Les deux Impromptus op. 12 de Scriabine suivent. La musique descend de deux étages. C'est très joli, mais cela demande un piano de diamantaire, multicolore et allusif. Lefebvre est musicien mais pas assez roué pour pousser cette musique trop loin. Il met aussi un peu trop de pédale. Comme dans l'Impromptu op. 36 de Chopin, œuvre qu'on oublie de compter au rang des grands chefs-d’œuvre de Chopin et que le pianiste joue aussi de façon trop terrestre, avec un son trop... sonore dans cette Salle Cortot qui l'est tant. Eu égard à l'élégance proustienne d'un impromptu qui musarde en portant un regard en coin sur la musique de son temps dont il s'extrait.

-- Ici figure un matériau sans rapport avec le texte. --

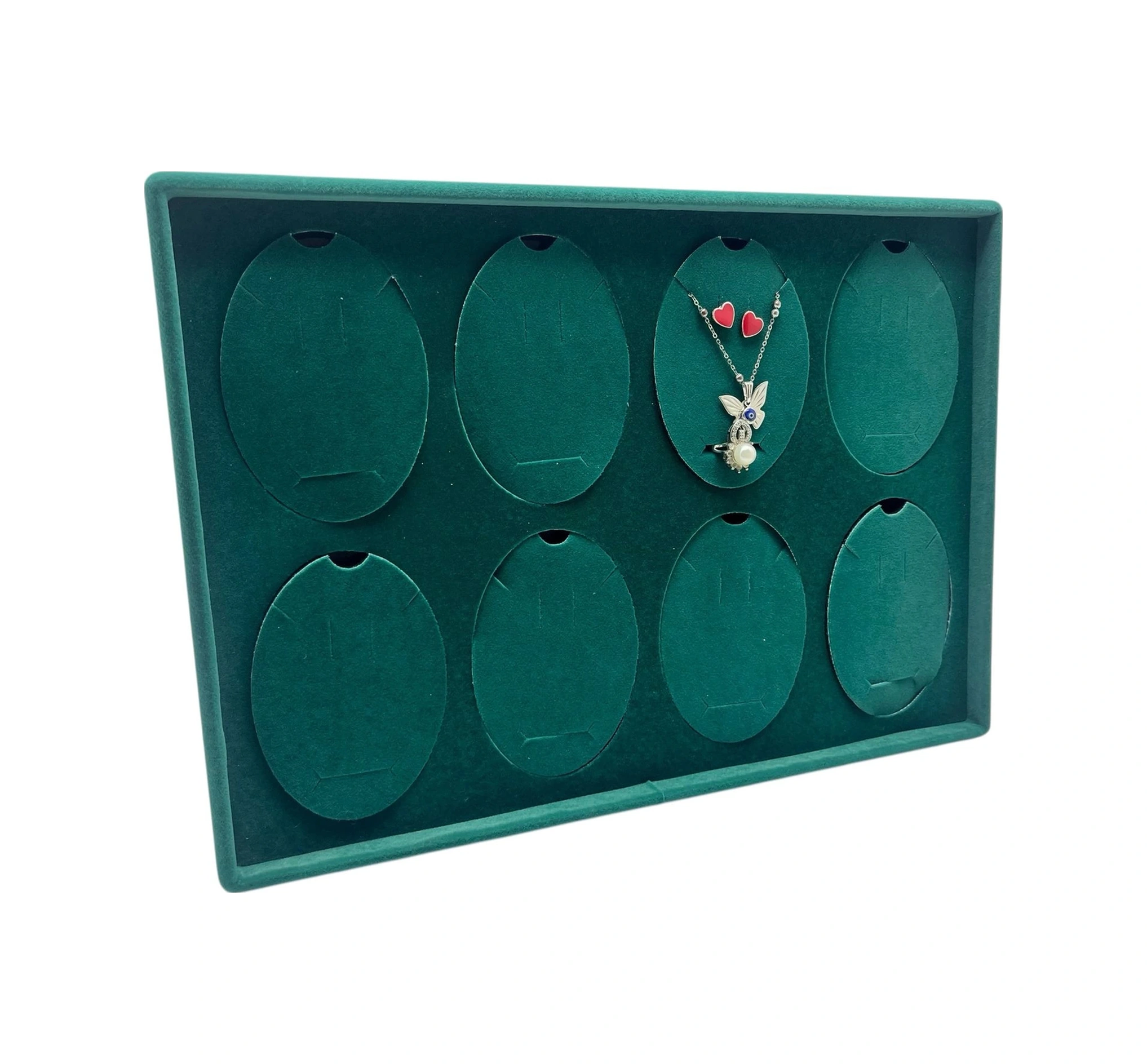 Süet Kumaş Yeşil 34-24 Cm Ayaklı 8 Pedli Kolye Tabla Stand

Vient la Ballade op. 52, la dernière des quatre. Là encore, on remarque sans doute un manque de décantation sonore, de transparence, de laisser aller la musique sans jamais la retenir pour la rendre expressive. Lefebvre raccourcit les longues phrases par une ponctuation trop marquée et une pédale trop présente qui fait qu'on ne sent pas l'irrépressible enchaînement de ses épisodes-variations avant une coda de jugement dernier. Mais quelle allure quand même, et quelle noblesse dans cette œuvre qui fait si peur qu'on se remémore Shura Cherkassky disant dans sa loge : « cette musique est trop difficile, je ne l'ai jamais vraiment bien jouée, je cours après elle et espère qu'elle m'aimera un jour. » Lefebvre n'est pas loin de cette félicité qui lui prendra une vie comme aux autres.

Vient Wagner et sa Mort d'Isolde transcrite par Liszt, autre inspiration de Scriabine mais plus explicitement dans ses symphonies que dans sa musique de piano. Splendide. Le piano orchestral de Lefebvre trouve son plein accomplissement comme il va le trouver dans les œuvres du héros de ce récital avec le Poème op. 32, deux Impromptus et la Sonate n° 3 qui sont le cœur de son nouveau disque qui vient de remporter un Diapason d'or.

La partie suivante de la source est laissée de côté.